Rental-shoe-dropping silence.

The sound you are not hearing is the other shoe dropping regarding the local rental housing market.

For several years, even some industry leaders have been projecting that Denver’s bull market for rental units was going to run out of steam.

With an apartment crane seemingly on every block, overbuilding would lead to far too many apartment units, increasing vacancies and driving down rents, the thinking went.

How can there possibly be enough demand to fill the 10,000 or so new rental units coming on line every year? Especially since most of the rental construction is for expensive, luxury units?

Rental

The Rige at Wheatland apartment community in Aurora is one of many rental communities in the metro area experiencing strong leasing activity and absorption.

And yet, the latest data from apartment rental sage Cary Bruteig shows the music hasn’t stopped for the Denver area rental market.

The second-quarter report from Bruteig’s Apartment Appraisers & Consultants shows:

  • The average monthly rent in an apartment rose to a record $1,454 in the Denver area. That is a 3.9 percent increase from a year ago. That might seem modest in the wake of fairly recent double-digit rental market increases. Still, a 3.9 percent increase is about double the inflation rate.
  • The rental market absorbed 3,872 units. That “blew the record away” of the previous record set in the second quarter of 2017. The recent rental absorption record is 37.4 percent higher than the previous record of 2,818 units.
  • The overall rental vacancy rate fell a “sizeable 61 basis points” to 5.18 percent.
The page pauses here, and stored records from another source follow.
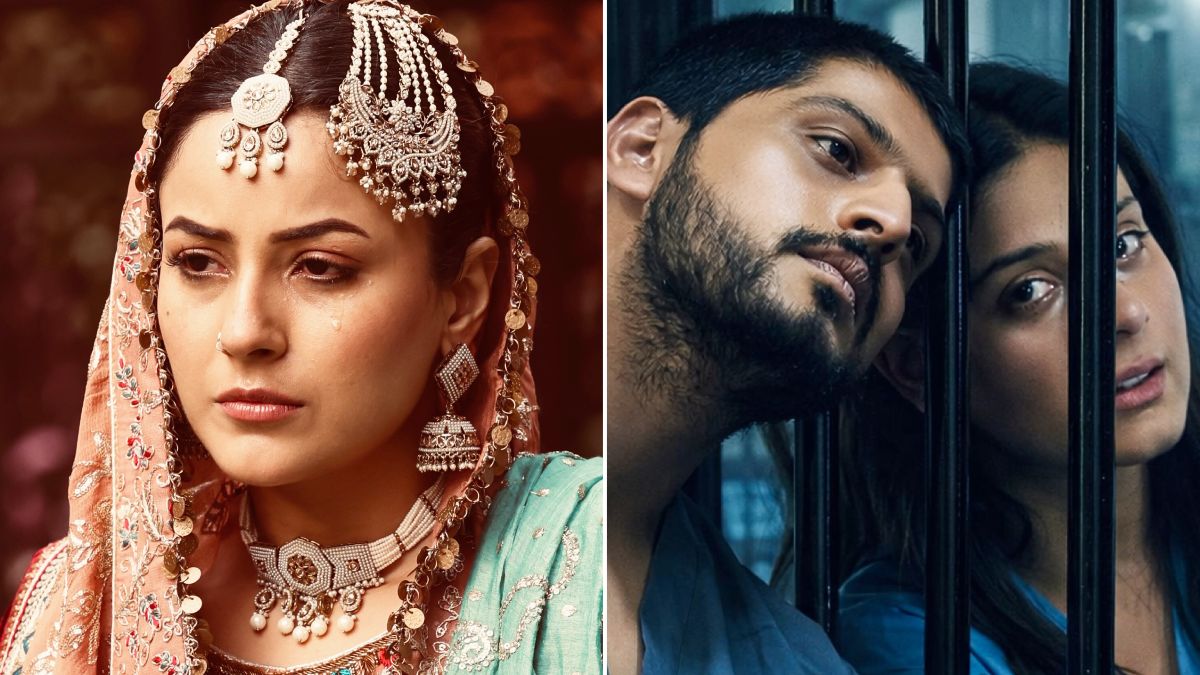 Axes Ishqan De Lekhe, Records 3rd Highest Opening Week Of 2026 In Punjabi Cinema!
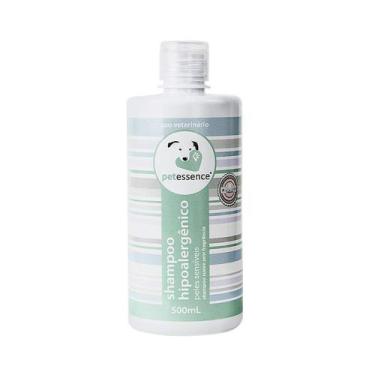Imagem de Shampoo Hipoalergênico PetEssence para Cães - 500ml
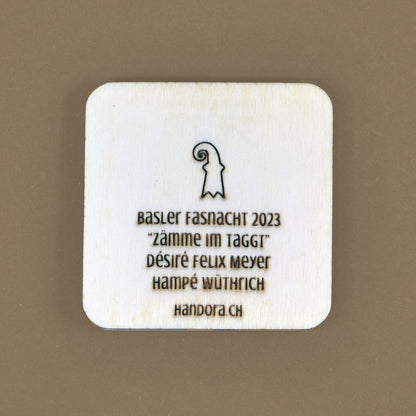 Fasnacht Reborn 2023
A basis point is one hundredth of 1 percent.

Jeff Hawks, who has sold more than $5 billion in rental properties in his more than 30 years as an apartment broker in Denver, said there are a lot of reasons why the robust rental market is not heading south.

Rental

Jeff Hawks is shown giving a presentation at a Colorado Real Estate Journal multifamily conference in 2017. Photo Credit: Rocky Mountain Photography.

First, though, Hawks, a vice chairman at ARA Newmark, cautioned that it is always better to look at year-over-year data, as a quarterly report might reflect a blip that makes the market look stronger or weaker than it is.

Also, there probably is a bit of seasonality to the second-quarter numbers, especially regarding absorption.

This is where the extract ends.